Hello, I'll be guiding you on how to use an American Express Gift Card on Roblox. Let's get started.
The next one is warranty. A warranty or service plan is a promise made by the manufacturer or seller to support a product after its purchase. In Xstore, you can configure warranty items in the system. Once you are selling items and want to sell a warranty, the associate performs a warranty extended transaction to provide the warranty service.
================================
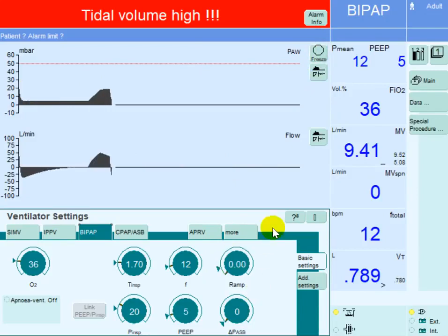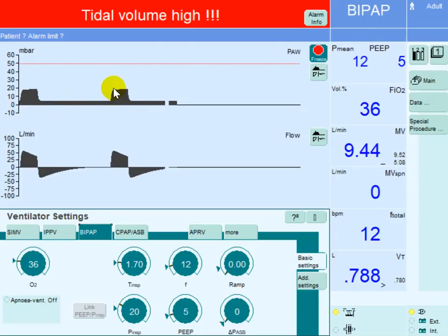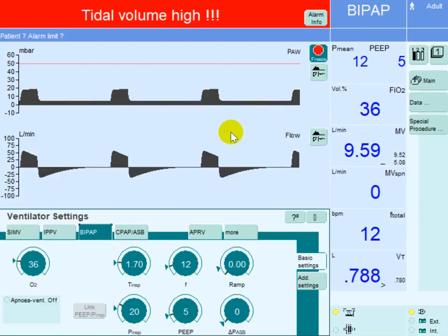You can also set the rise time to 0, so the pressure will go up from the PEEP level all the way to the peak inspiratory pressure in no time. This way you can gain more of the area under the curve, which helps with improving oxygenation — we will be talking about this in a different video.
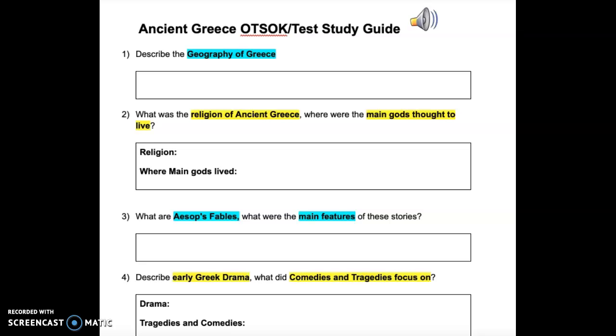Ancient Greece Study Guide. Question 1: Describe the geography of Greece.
================================
__Activity__: Start with the line with "You can also" in the listing above and stop after the line with "Ancient Greece Study". Write out exactly the lines in that stretch and no others, without pictures.

__Your solution__:
You can also set the rise time to 0, so the pressure will go up from the PEEP level all the way to the peak inspiratory pressure in no time. This way you can gain more of the area under the curve, which helps with improving oxygenation — we will be talking about this in a different video.
Ancient Greece Study Guide. Question 1: Describe the geography of Greece.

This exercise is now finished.